例えば、(2019)蘇05知初1122号事件では、裁判所は訴訟を提起する前の権利者の保全申請に基づいて保全措置を講じて、被疑侵害製品に対して、現場での撮影を実施し、調書を作成し、保全した証拠を破壊または移転してはならないことを被疑侵害者に明確に通知した。しかし、一審において、裁判所は訴訟前に保全された被疑侵害製品に対して現場検証を行ったところ、被疑侵害者より保全場所を移転されたことを発見し、被疑侵害製品と係争特許との技術対比を行うことができず、被疑侵害製品が係争特許の保護範囲に入るか否かという重要な事実は究明できなかった。
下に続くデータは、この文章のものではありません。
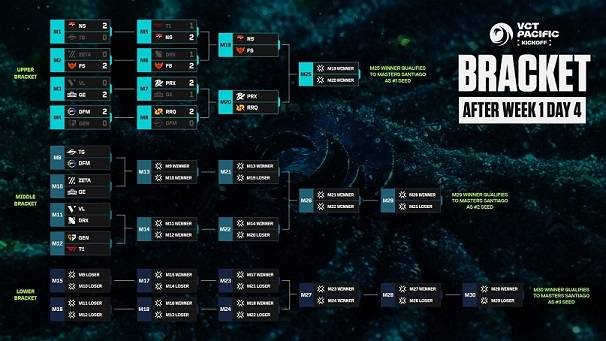 2026 VCT 퍼시픽 킥오프 대진표.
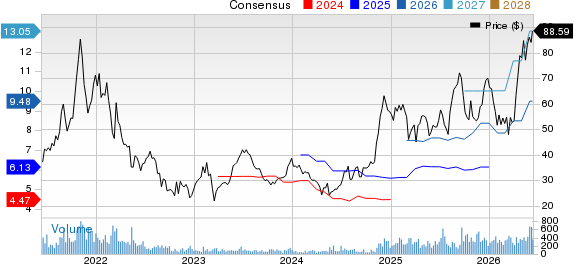 Atlanticus Holdings Corporation Price and Consensus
そのため、一審判決では証拠妨害規則を適用し、被疑侵害製品が係争特許の保護範囲に入ると推定した。

上記の事例から見れば、裁判所が証拠妨害規則を適用して、侵害行為の成立に関わる権利者の主張を直接推定するポイントは、裁判所より保全された被疑侵害製品における係争特許の技術的特徴に対応する部分が、被疑侵害者の妨害行為によって完全に破壊または除去され、保全したときの証拠に基づいて侵害行為が成立するかどうかを判定することはできないものの、権利者より提出した初歩的な証拠及び事件におけるその他の証拠に基づいて、侵害行為が成立する蓋然性が高いことにある。
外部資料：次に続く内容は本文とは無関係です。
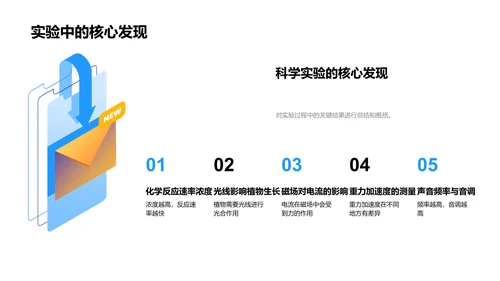 科学实验作业报告PPT模板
(2)被疑侵害者の立証妨害行為が侵害判定に影響を与えない場合、依然として事件における証拠に基づいて侵害判定を行う

被疑侵害者は裁判所が保全した証拠に対して破壊、移転などの妨害行為を行ったが、その立証妨害行為は被疑侵害製品における係争特許の関連技術的特徴と対応する部分を破壊していない場合、または裁判所が証拠保全した写真や動画に基づいて、または事件における他の証拠と合わせて、侵害判定することができる場合、裁判所は侵害行為の成立を直接推定しなく、事件における証拠及び保全した証拠と合わせて、係争特許との対比を行った上で侵害判定を行う。

例えば、(2018)沪民終438号事件において、裁判所は、被疑侵害者の保管不届きで証拠物が毀損されたが、保全した動画と写真に基づいて技術対比を実施できるため、客観的な事実を尊重すべき、立証妨害規則を適用しないと判断した。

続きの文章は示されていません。